Primeiro, é preciso executar o programa até ao fim, e para isso ainda faltam dois anos. Seis caças partem esta quinta-feira para a Roménia e com eles segue uma equipa de pilotos, engenheiros, programadores e técnicos de manutenção portugueses que ficarão responsáveis pela fase de apoio à instalação dos aparelhos na nova casa, a Base Aérea N86, em Borcea. Só no final dessa última etapa, diz o ministro, se poderá olhar para trás e fazer contas aos custos e benefícios financeiros desta operação.
Mas este ano já entraram nos cofres portugueses 40,5 milhões de euros. E, desde o inicio do contrato, a Roménia já pagou a Portugal 163,6 milhões de euros dos 181 milhões inicialmente previstos no contrato.
O ministro da Defesa, porém, não revela a rentabilidade do negócio. “A Defesa Nacional não é uma empresa”, respondeu Azeredo Lopes esta quarta-feira aos jornalistas. Entre o investimento feito por Portugal na montagem e atualização das aeronaves e o que pagou a Roménia, não se sabe qual foi a mais-valia. A frase do ministro serviu para assinalar que, à parte o lucro que venha a resultar do negócio, o que interessa ao Estado português, e em particular à Força Aérea, é o prestígio de ter concluído com “sucesso” a missão de atualização e venda dos F16 comprados há 22 anos aos Estados Unidos. A garantia dada por Azeredo Lopes é a de que as mais-valias que venham a resultar do contrato serão investidas na Força Aérea.
Está previsto que, qualquer que seja o retorno, esse reinvestimento se fará nesses termos”, disse o ministro.
Ficam os dedos e os anéis
O plano de voo dos F16 para esta quinta-feira está traçado. Os motores são ligados pouco antes das 8h00 e a partida acontece à hora certa. Os seis jatos aterram duas horas depois em Itália para reabastecer e, meia hora depois, voltam a descolar. Se tudo correr como previsto, às 12h30 as rodas dos agora romenos F16 chegam ao destino, 136 quilómetros a este de Bucareste, capital da Roménia, e a cerca de 4.000 quilómetros da base de Monte Real.
Os negócios entre os dois países, no que toca aos F16 já integrados na esquadra da Força Aérea portuguesa, deverão ficar por aqui. Não está, neste momento, previsto que Portugal e a Roménia venham a negociar a transação de mais aparelhos de ponta nacionais.
No final da cerimónia, Azeredo Lopes deixou claro que Portugal não está em condições de alienar mais F16, tendo já atingido o número ideal de aparelhos a manter sob o comando da Força Aérea portuguesa para garantir a operacionalidade nacional. Até porque, para concluir a venda de doze aparelhos (os três F16 seguintes partem até ao final de 2016 e os últimos três descolam em setembro de 2017), Portugal teve de recorrer aos Estados Unidos e comprar quatro aeronaves.
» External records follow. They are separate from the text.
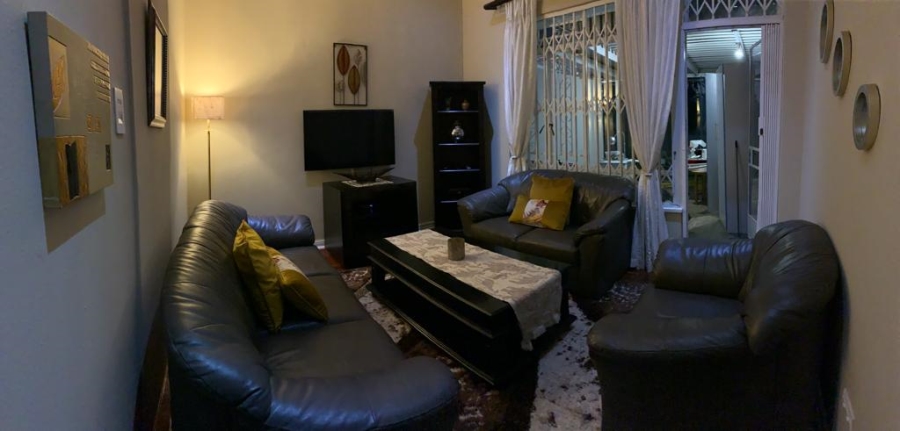 To Let 1 Bedroom Property for Rent in Waverley Gauteng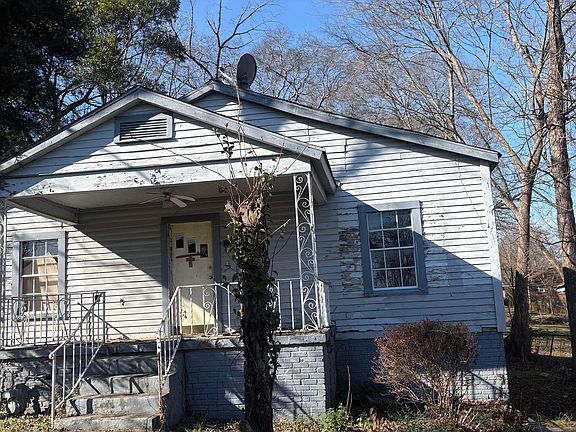 2nd image of 1440 16th Way SW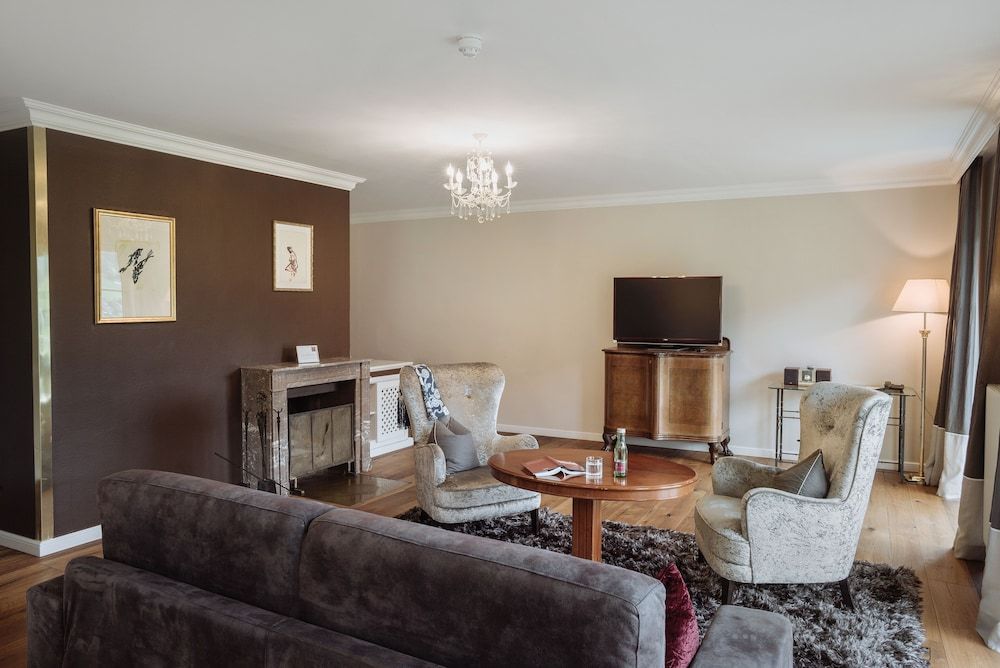 IMLAUER Hotel Schloss Pichlarn Traditional Suite, Balcony 5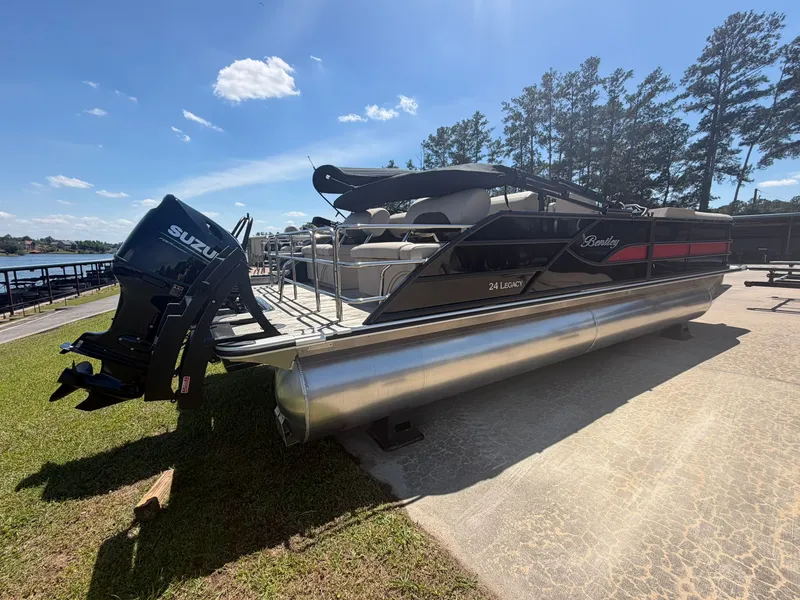 Slide: The Image of Bentley Pontoons Legacy 240 Quad 2026 - 5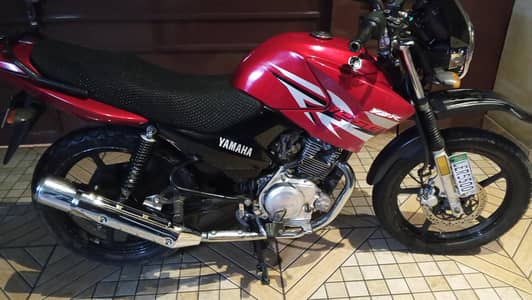 | Yamaha | YBR 125G | Model 2018 | red Japanese Assembled  |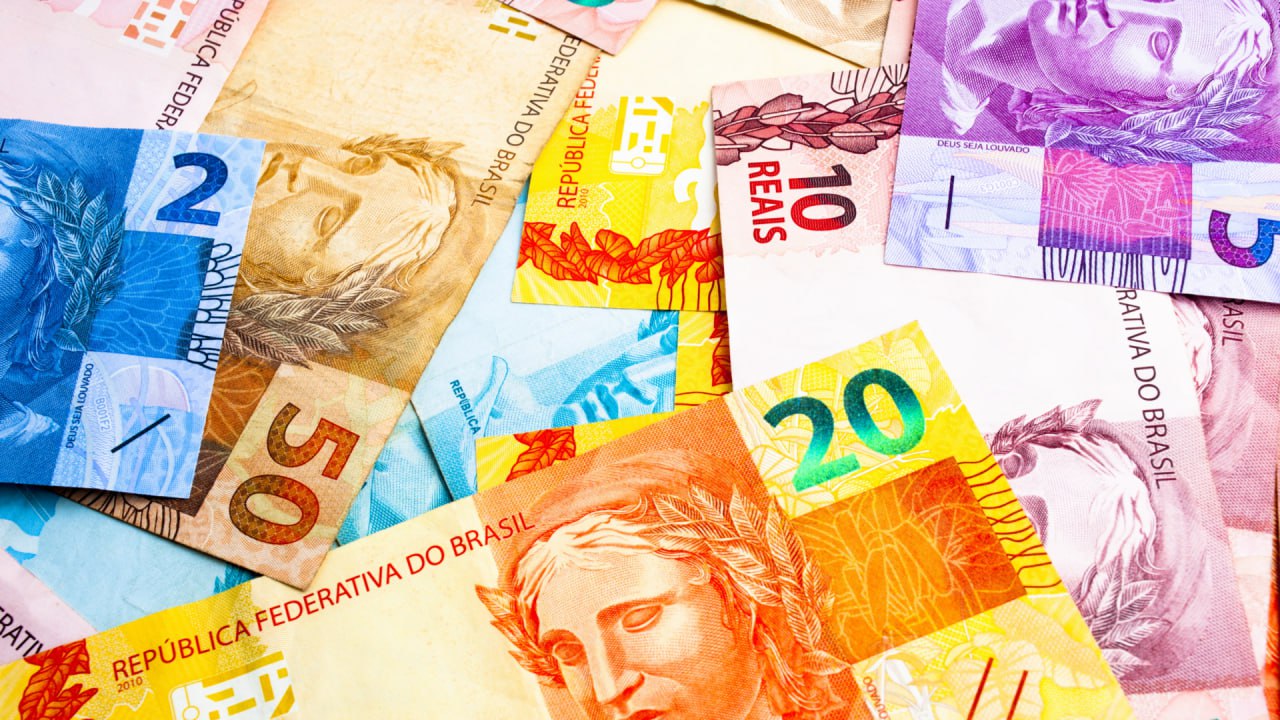 БРИКС может принять единую валюту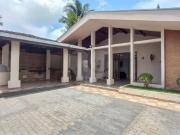 Casa / Sobrado para Locação em Guarujá/SP Jardim...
Em Monte Real ficam 30. “Portugal não está a vender os anéis para ficar com os dedos”, sublinha Azeredo Lopes.
Mas isto não significa que não haja interesse das duas partes em avançar com novas parcerias. O interesse terá sido manifestado, mas, como os F16 são de fabrico norte-americano, os Estados Unidos têm sempre de ser chamados a dar uma palavra na revenda destes equipamentos – até por questões de segurança, porque é preciso garantir que os aviões a jato, um importante símbolo de poderio militar, não caem nas mãos erradas. Mas, disseram os responsáveis dos dois países, do lado de lá do Atlântico ainda não houve resposta.
Se não há aviões para vender, mas há interesse na continuidade da parceria, a hipótese que resta a Portugal é a de continuar a comprar “carcaças” – palavras do ministro da Defesa – aos Estados Unidos e fazer a atualização dos equipamentos, adequando-os à sua utilização, na Roménia ou noutros Estados com quem venham a ser fechados novos contratos.
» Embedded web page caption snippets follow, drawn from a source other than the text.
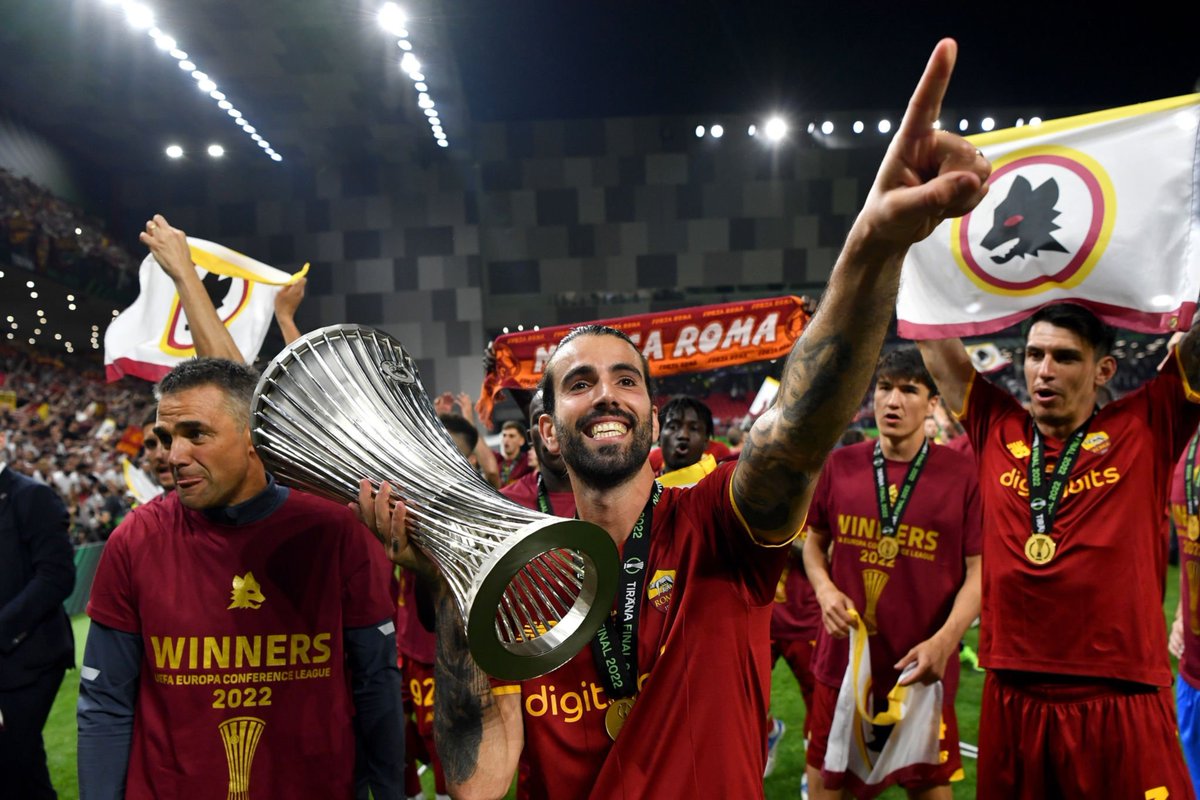 UEL4AR's tweet photo. كل الطرق تؤدي إلى رومـــا 🇮🇹🛣

#UECLfinal | #UEL https://t.co/Cd905djPSz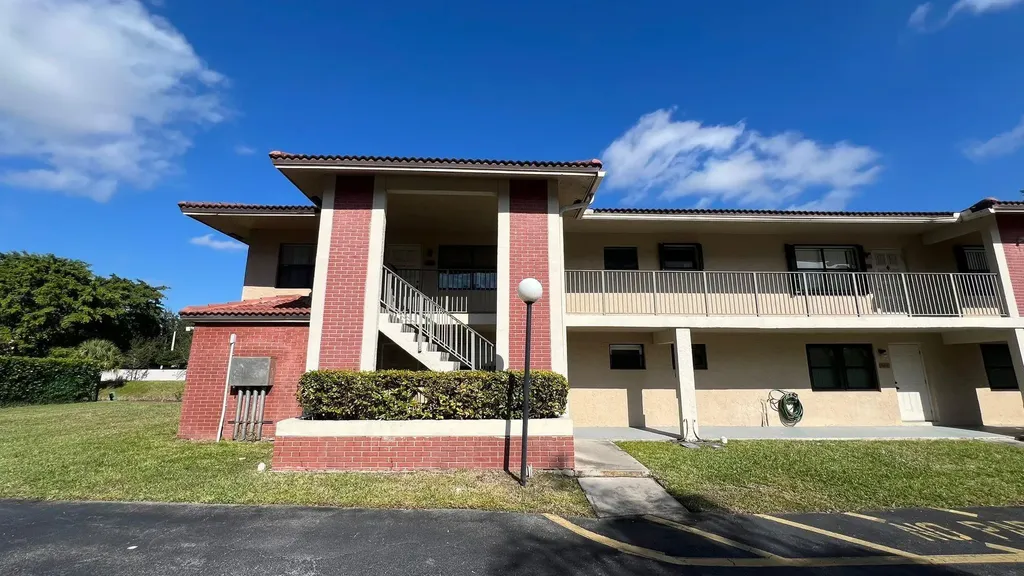 9621 NW 4th Street Coral Springs FL 33071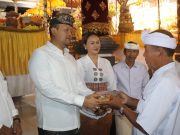 Serahkan Bantuan Rp 30 Juta, Wabup Badung Hadiri Karya Atma Wedana di Banjar Tanggayuda, Bongkasa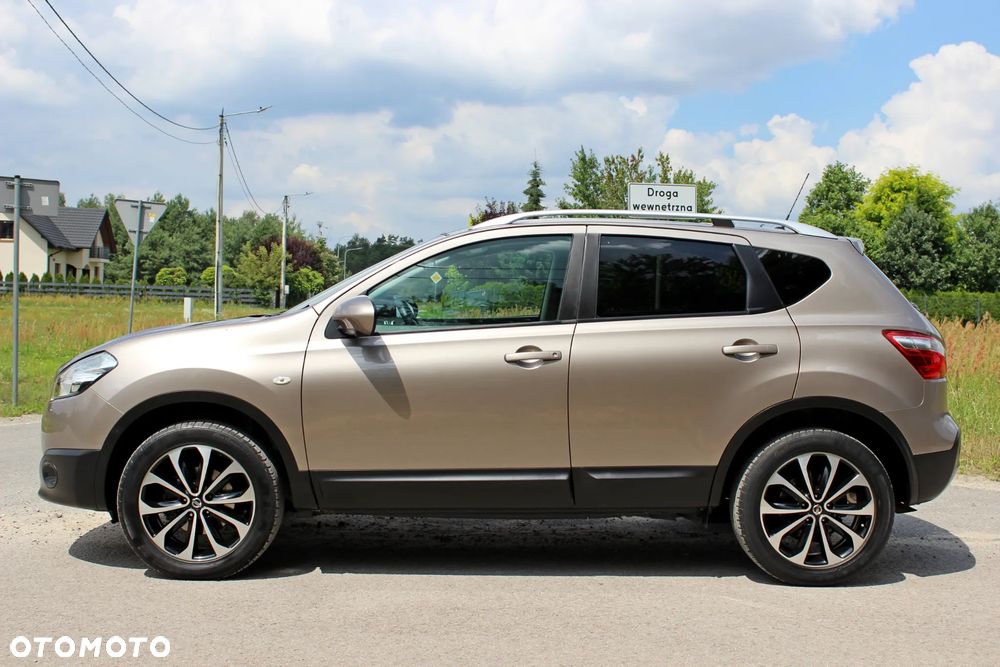 Nissan Qashqai 2.0 360 - 9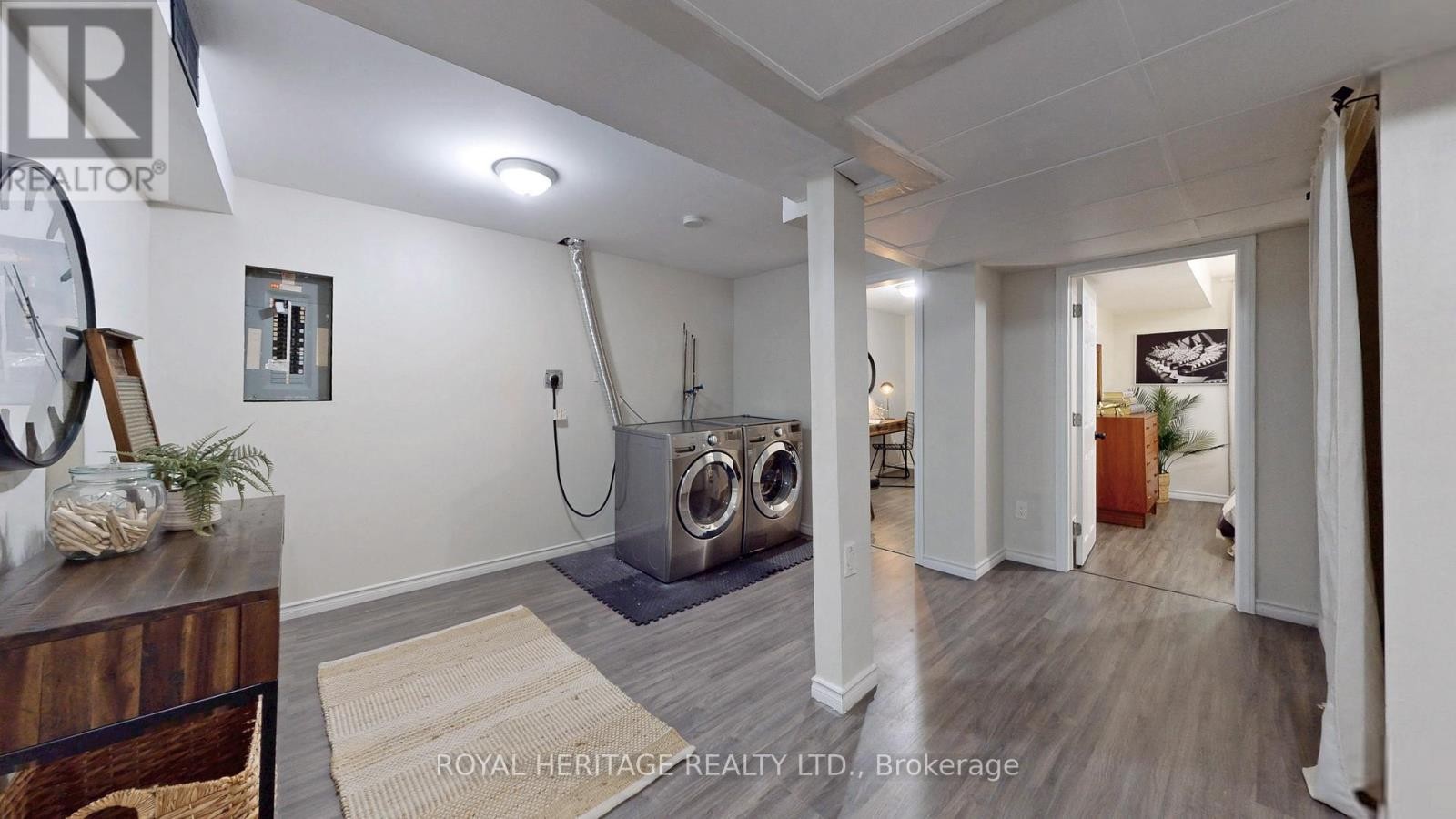 












591 COBBLEHILL DRIVE

,
Oshawa (Pinecrest),




Ontario
L1K1Y6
Na Roménia, os doze jatos vão “poder responder a qualquer missão”, diz Mitza, que durante largos minutos passa em revista informal o “seu” aparelho, pintado com três tons de cinza (num aspeto mais escuro que a versão portuguesa) e com as indicações de segurança em letras brancas, em inglês e romeno.
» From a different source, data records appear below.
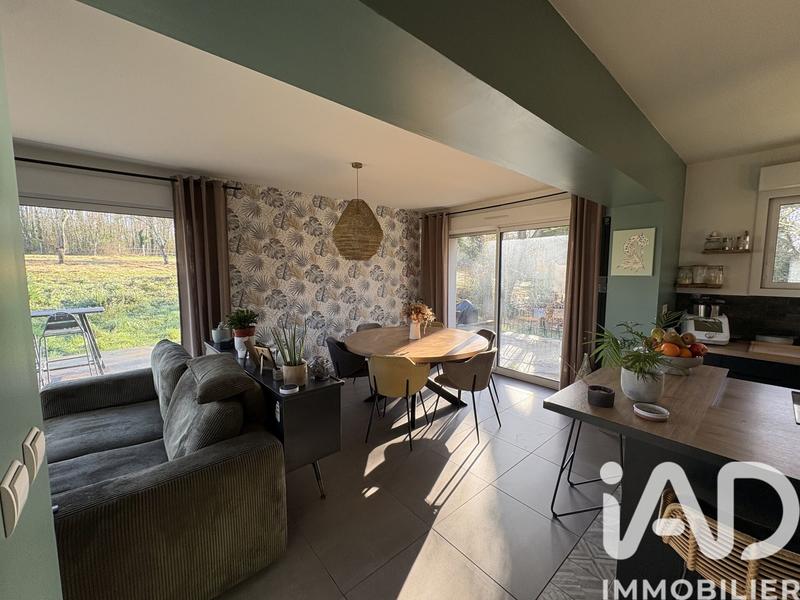 Maison - 94 m² - 3 pièces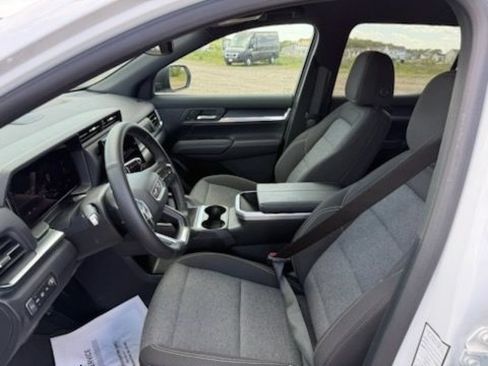 Used 2026 GMC Terrain Elevation FWD image 18
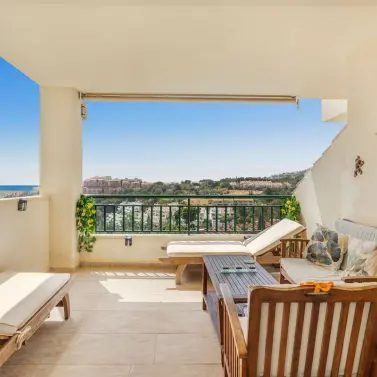 Venta de apartamento en planta media en Torrequebrada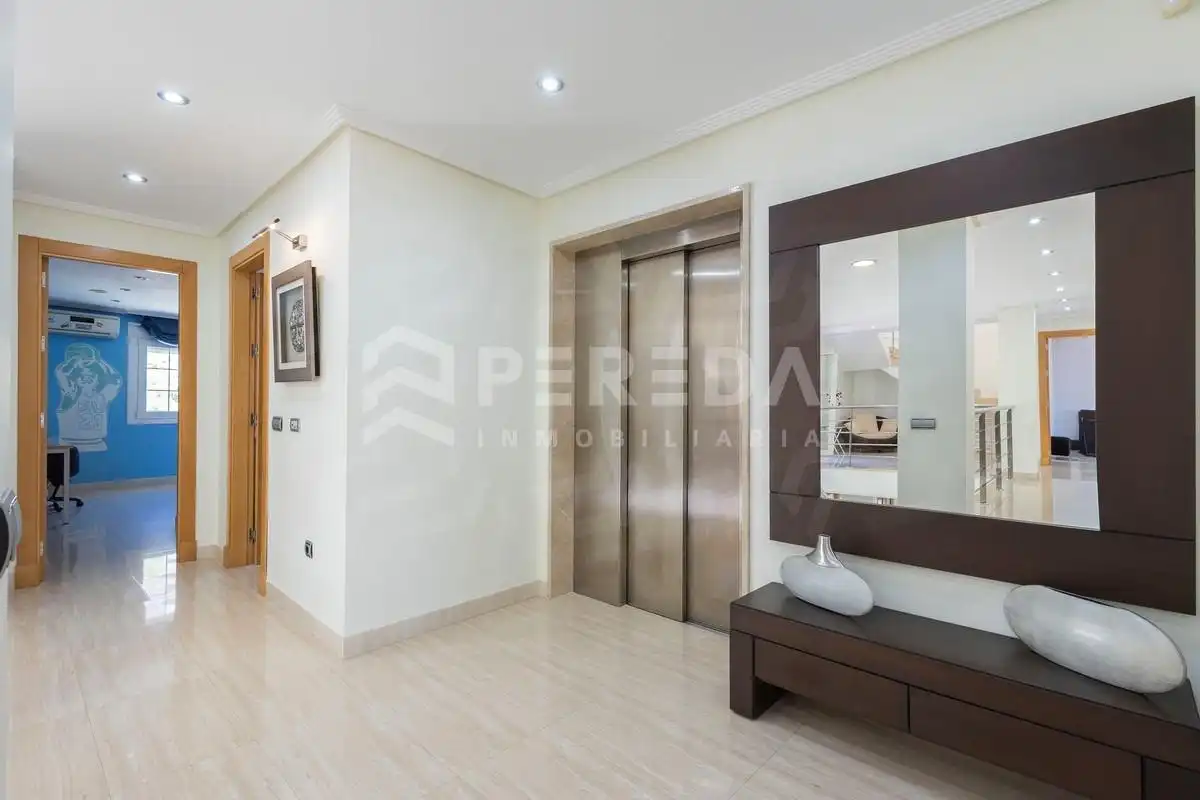 Casa o chalet en venta en Roquetas de Mar con Aire acondicionado, Jardín privado y Piscina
A missão principal em tempos de paz é o policiamento aéreo”, como acontecia em Portugal, mas, “mesmo nestes momentos, temos de ser capazes de desempenhar qualquer missão, por isso vamos continuar a treinar”, refere o tenente-coronel, 35 anos e piloto há 13.
O negócio com os americanos e o susto com os russos
Portugal entrou no “clube dos F16″ em 1994. Era primeiro-ministro Cavaco Silva, e Fernando Nogueira estava na pasta da Defesa, quando a Força Aérea comprou os primeiros caças norte-americanos. Anos depois, já durante o Governo de António Guterres, chegavam a Lisboa duas dezenas e meia de aparelhos. Muitos ficaram (literalmente) encaixotados à espera de serem montados. A oportunidade de os vender surgiu no negócio com Bucareste.
Os aparelhos que foram montados para a Força Aérea portuguesa serviram em algumas missões nos últimos 22 anos e, muito recentemente, foram chamados a garantir a segurança do país naquela que aparentava ser uma provocação da aviação russa.
Quatro F16 portugueses participaram numa missão de patrulhamento de quatro meses na Lituânia, ao serviço da NATO (a missão em causa foi a Baltic Air Policing). Não foi uma estreia. Em 2014, e também em 2007, os caças portugueses já tinham integrado as missões rotativas da NATO para patrulhar os céus do Báltico.
Pelo meio, em 2012, 70 militares e seis F16 portugueses participaram numa missão na Islândia. A saída dos norte-americanos das bases que mantinham na região e a necessidade de garantir a segurança do espaço aéreo do país levou a Lituânia a pedir ajuda à NATO, num momento em que a Rússia retomava as missões de patrulha de longa distância.
Dessa vez, não houve registos de maior. Talvez porque o episódio com a aviação russa estivesse guardado para outubro de 2014. Não no Báltico, mas em espaço aéreo português. Na manhã do dia 29 desse mês, o Sistema de Defesa Aérea da Força Aérea detetou duas aeronaves não identificadas. Estavam na zona de Bragança e voavam em direção a sul.
Dois caças de prontidão, que estavam pousados em Monte Real, levantaram voo e intercetaram os aparelhos russos – dois bombardeios Tu-95 “Bear” –, que seguiam sem comunicações. As aeronaves russas foram acompanhadas pelos caças até fora do espaço aéreo nacional e o episódio ficou por aí, mas marcou algumas horas de tensão diplomática entre os dois países.